PF 3.5.10, Mojarra 2.1.21, omnifaces 1.5
I have a JSF library (with css files only). This library is in a .jar file. The css will be included in xhtml with
<h:outputStylesheet library="mylib" name="css/mycss.css">.
In html it is rendered to the following: localhost:8080/cms/javax.faces.resource/css/mycss.css.jsf?ln=mylib
CSS file of primefaces is rendered to:
localhost:8080/cms/javax.faces.resource/primefaces.js.jsf?ln=primefaces&v=3.5.10
Notice the library version (&3.5.10) at the end. How can I do the same thing ? Should I write version in Manifest.mf. Or how can I use jsf-versioning in jar file?
That's unfortunately not possible. Library versioning is not supported for resources in JAR.

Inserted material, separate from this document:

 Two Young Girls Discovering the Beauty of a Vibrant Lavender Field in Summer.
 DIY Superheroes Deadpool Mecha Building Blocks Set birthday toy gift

You've basically 2 options:
Do it the easy and ugly way, include server's startup time as query string. Given that you're using OmniFaces, you could use its builtin #{startup} managed bean referring a java.util.Date instance in application scope:
<h:outputStylesheet ... name="some.css?#{startup.time}" />
<h:outputScript ... name="some.js?#{startup.time}" />
Or perhaps you've the version already as some application variable.
<h:outputStylesheet ... name="some.css?v=#{app.version}" />
<h:outputScript ... name="some.js?v=#{app.version}" />
Update: Notwithstanding, this doesn't work for <h:outputStylesheet>. See also: https://github.com/javaserverfaces/mojarra/issues/3945 or https://github.com/javaee/javaserverfaces-spec/issues/1395
It works for <h:outputScript> though, which had a very simliar bug report which was implemented pretty soon https://github.com/javaserverfaces/mojarra/issues/1216
Do the same as PrimeFaces, create a custom ResourceHandler.

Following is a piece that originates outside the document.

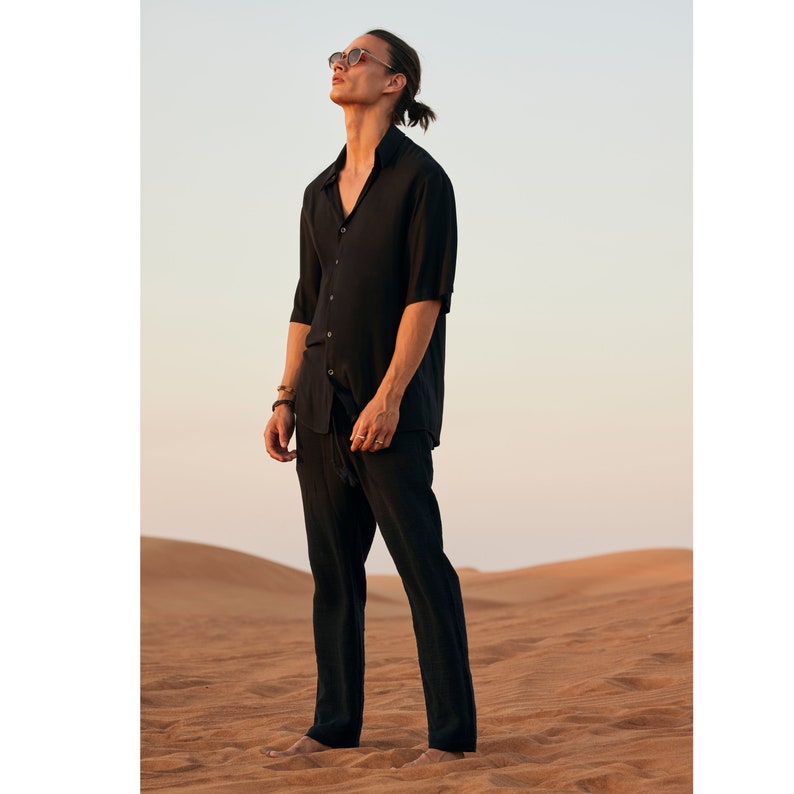 Black Short Sleeve Oversize Shirt Viscose Fabric - Etsy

public class MyVersionResourceHandler extends ResourceHandlerWrapper {
private ResourceHandler wrapped;
public MyVersionResourceHandler(ResourceHandler wrapped) {
this.wrapped = wrapped;
}
#Override
public Resource createResource(String resourceName) {
return createResource(resourceName, null, null);
}
#Override
public Resource createResource(String resourceName, String libraryName) {
return createResource(resourceName, libraryName, null);
}
#Override
public Resource createResource(String resourceName, String libraryName, String contentType) {
final Resource resource = super.createResource(resourceName, libraryName, contentType);
if (resource == null) {
return null;
}
return new ResourceWrapper() {
#Override
public String getRequestPath() {
return super.getRequestPath() + "&v=1.0";
}
#Override // Necessary because this is missing in ResourceWrapper (will be fixed in JSF 2.2).
public String getResourceName() {
return resource.getResourceName();
}
#Override // Necessary because this is missing in ResourceWrapper (will be fixed in JSF 2.2).

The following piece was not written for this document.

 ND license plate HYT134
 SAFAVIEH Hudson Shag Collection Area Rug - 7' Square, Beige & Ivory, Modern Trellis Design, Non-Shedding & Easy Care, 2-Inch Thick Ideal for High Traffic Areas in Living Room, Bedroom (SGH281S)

public String getLibraryName() {
return resource.getLibraryName();
}
#Override // Necessary because this is missing in ResourceWrapper (will be fixed in JSF 2.2).
public String getContentType() {
return resource.getContentType();
}
#Override
public Resource getWrapped() {
return resource;
}
};
}
#Override
public ResourceHandler getWrapped() {
return wrapped;
}
}
Or if you happen to already use OmniFaces, it could be done simpler:
public class YourVersionResourceHandler extends DefaultResourceHandler {
public YourVersionResourceHandler(ResourceHandler wrapped) {
super(wrapped);
}
#Override
public Resource decorateResource(Resource resource) {
if (resource == null || !"mylib".equals(resource.getLibraryName())) {
return resource;
}
return new RemappedResource(resource, resource.getRequestPath() + "&v=1.0");
}
}
Either way, to get it to run, register it as <resource-handler> in /META-INF/faces-config.xml of the JAR.
<application>
<resource-handler>com.example.MyVersionResourceHandler</resource-handler>
</application>
You can also use your project version and append it as a version number for your resource files. This can be done using the maven-war-plugin. The maven-war-plugin will look at your pages during the build time and replace the defined properties.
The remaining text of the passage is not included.